*** Exercise inputs Section Begins ***
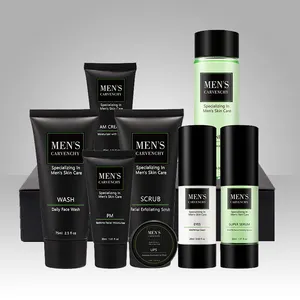 CARVENCHY Organic Male Anti Acne Face Cleanser Wash Scrub Mens Moisturizing Skincare Kit Men's Skin Care Sets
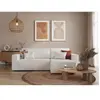 LOUNGITUDE CLARISSE - Canapé d'angle convertible réversible avec coffre en tissu bouclette - Blanc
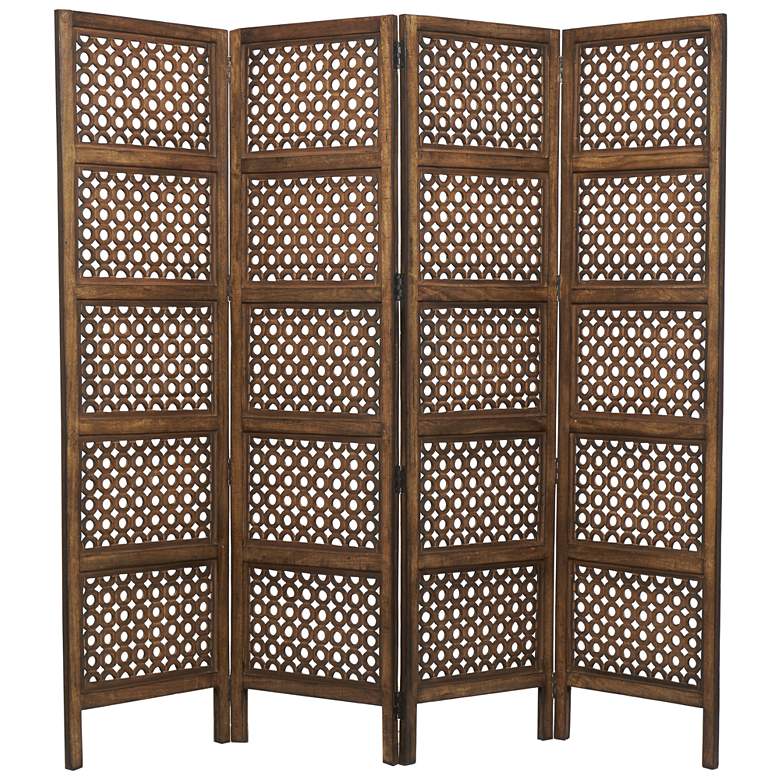 Image 1 Brown Wooden Traditional Room Divider Screen, 80" x 1" x 72"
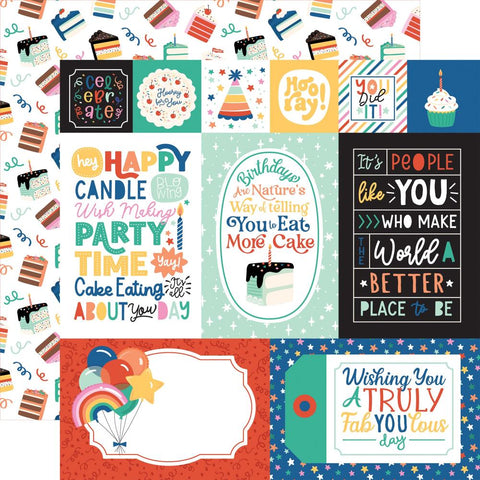 Hip Hip Hooray - Echo Park - Double-Sided Cardstock 12"X12" - MIXED Journaling Cards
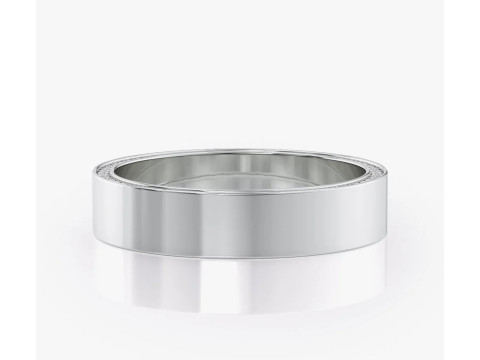 High polished flat band with side diamonds 6mm Model Cetak 3D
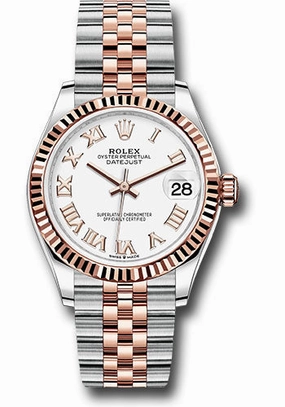 Rolex Steel and Everose Gold Datejust 31 Watch - Fluted Bezel - Ros Index Dial - Jubilee Bracelet 278271 wrj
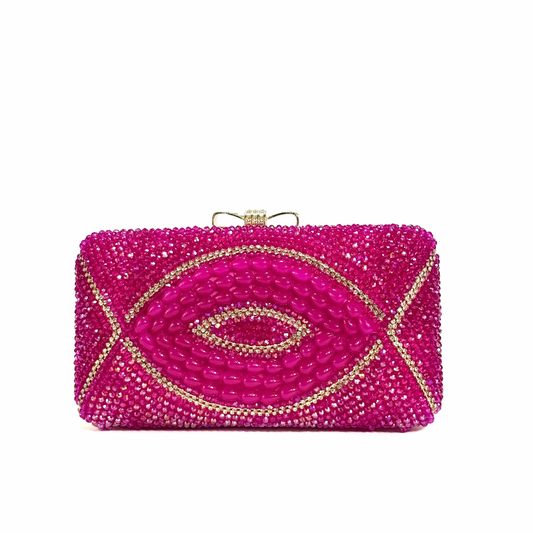 Crystal Beaded Clutch With Bow Clasp (Pink)
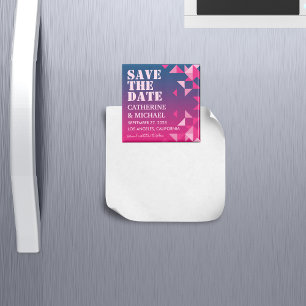 Colorful Pink & Blue Geometric Save The Date Magnet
*** Exercise inputs Section Ends ***
● **What needs to be done**
Would you return all of the data above word for word, omitting every picture?

● **Output for this exercise**
 CARVENCHY Organic Male Anti Acne Face Cleanser Wash Scrub Mens Moisturizing Skincare Kit Men's Skin Care Sets
 LOUNGITUDE CLARISSE - Canapé d'angle convertible réversible avec coffre en tissu bouclette - Blanc
 Image 1 Brown Wooden Traditional Room Divider Screen, 80" x 1" x 72"
 Hip Hip Hooray - Echo Park - Double-Sided Cardstock 12"X12" - MIXED Journaling Cards
 High polished flat band with side diamonds 6mm Model Cetak 3D
 Rolex Steel and Everose Gold Datejust 31 Watch - Fluted Bezel - Ros Index Dial - Jubilee Bracelet 278271 wrj
 Crystal Beaded Clutch With Bow Clasp (Pink)
 Colorful Pink & Blue Geometric Save The Date Magnet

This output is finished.